No exato momento dos agradecimentos pela colaboração na produção dos dados, apareceu a coordenadora. Aproveitando o ensejo, foi questionada acerca do motivo de a lousa interativa não estar sendo utilizada pelos professores. Ela deixou claro: “a escola não comportava salas adequadas para instalar a lousa interativa, sendo decidido pela gestão somente fazer uso da projeção”. Em meio à conversa, foi sugerido deixar a lousa em um espaço fixo e acessível a todos, mencionando-se, nesse caso, a biblioteca, pelo fato de ser ampla e considerada como um ambiente construtivo de saberes.

Contudo, quando se contatou novamente o professor para saber se a escola havia acatado as sugestões propostas no dia da entrevista, a resposta foi negativa. Ele acrescentou o seguinte: “chegamos a debater essa possibilidade em uma reunião pedagógica, mas até o momento nada foi concretizado” (P3).

Nessa perspectiva, uma alternativa para virar a página desse cenário é entender o descompasso entre o mundo dos jovens (conectado, interativo e multimídia) e a realidade encontrada na escola (analógica, uniformizante e ancorada num modelo de ensino do século XIX) (ALLAN, 2015).

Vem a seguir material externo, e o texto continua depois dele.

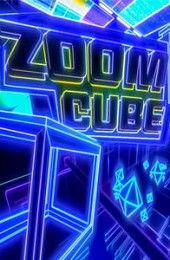 Zoom Cube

Uma contradição quanto a essas situações foi observada na realização de duas entrevistas com os professores P1 e P2, ambos da mesma escola localizada na zona urbana. Ao longo da conversa desenvolvida com o professor P2, observei a imensa procura por professores de diferentes áreas do conhecimento para fazer uso do computador interativo em suas aulas.

Em um certo momento, desviei a conversa para o seguinte questionamento: Estou conhecendo o potencial do computador interativo para as aulas de Matemática, principalmente com vocês, colaboradores desta pesquisa, mas em sua escola há um diferencial, observo uma grande procura dos professores para fazer uso dessa interface tecnológica, houve ações desenvolvidas pela administração da escola? Em resposta a esse questionamento, P2 falou com todo entusiasmo que:

Após a entrega do laranjão na escola, a gestão e coordenação no dia seguinte realizou uma reunião para apresentar os projetores e o cronograma das formações para os professores. Desde o início que incentivam, sendo seu marco principal propor formação por área de conhecimento, possibilitando o conhecimento pedagógico e instrumental.

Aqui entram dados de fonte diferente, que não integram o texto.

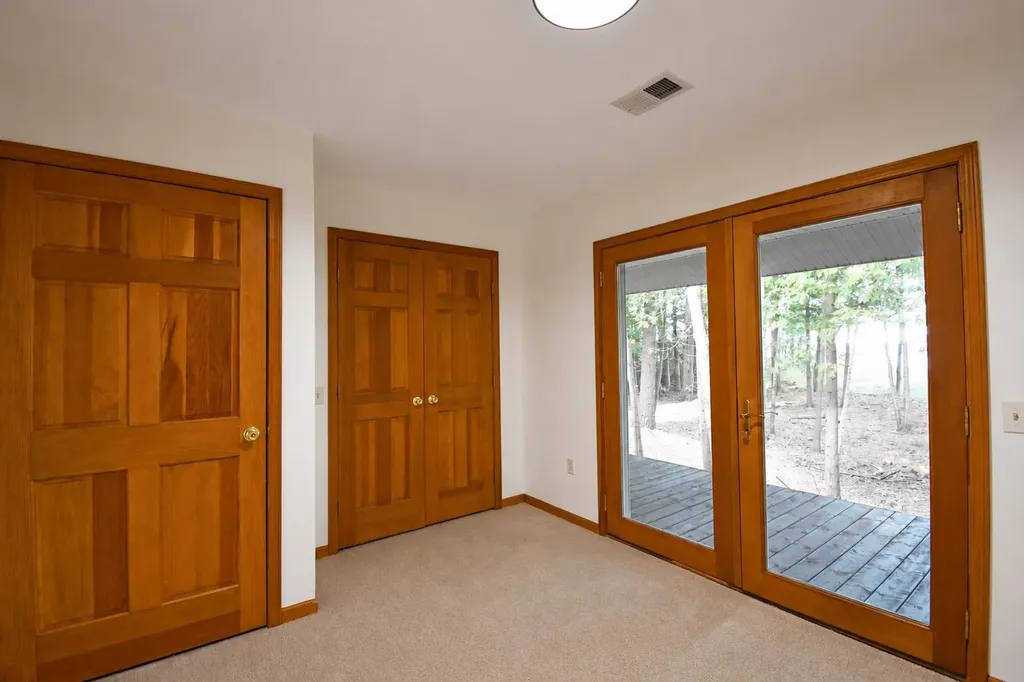 4927 S Us-23 Greenbush Township MI 48738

A fala do professor remete à relevância da gestão/coordenação escolar para a inserção ou integração das tecnologias digitais, especificamente na sala de aula. A função de um gestor perpassa em grande medida à capacidade de engajar a comunidade escolar em torno de melhorar os índices de educação e, nesse contexto, também inseri tal comunidade no mundo digital (ALLAN, 2015).

Trabalhar de forma colaborativa é uma das alternativas para transformar ações obsoletas que atravessam séculos. Entretanto, o quadro-negro, por ser um instrumento do século XVIII, seu uso, na sala de aula contemporânea, é marcante no ensino de Matemática, devido às demonstrações, resoluções de problemas e outras ações. No entanto, não oferece atratividade e perceptividade a toda representação matemática, diferentemente das atividades envolvendo ou empregando as TIC.

Esses três fatos mencionados e registrados no diário de campo representam alguns pontos positivos e negativos, os quais me deparei ao longo dos caminhos percorridos. Nas próximas narrativas, compreendem-se melhor toda a processualidade do objeto de estudo e as relações subjetivas no ensino de Matemática.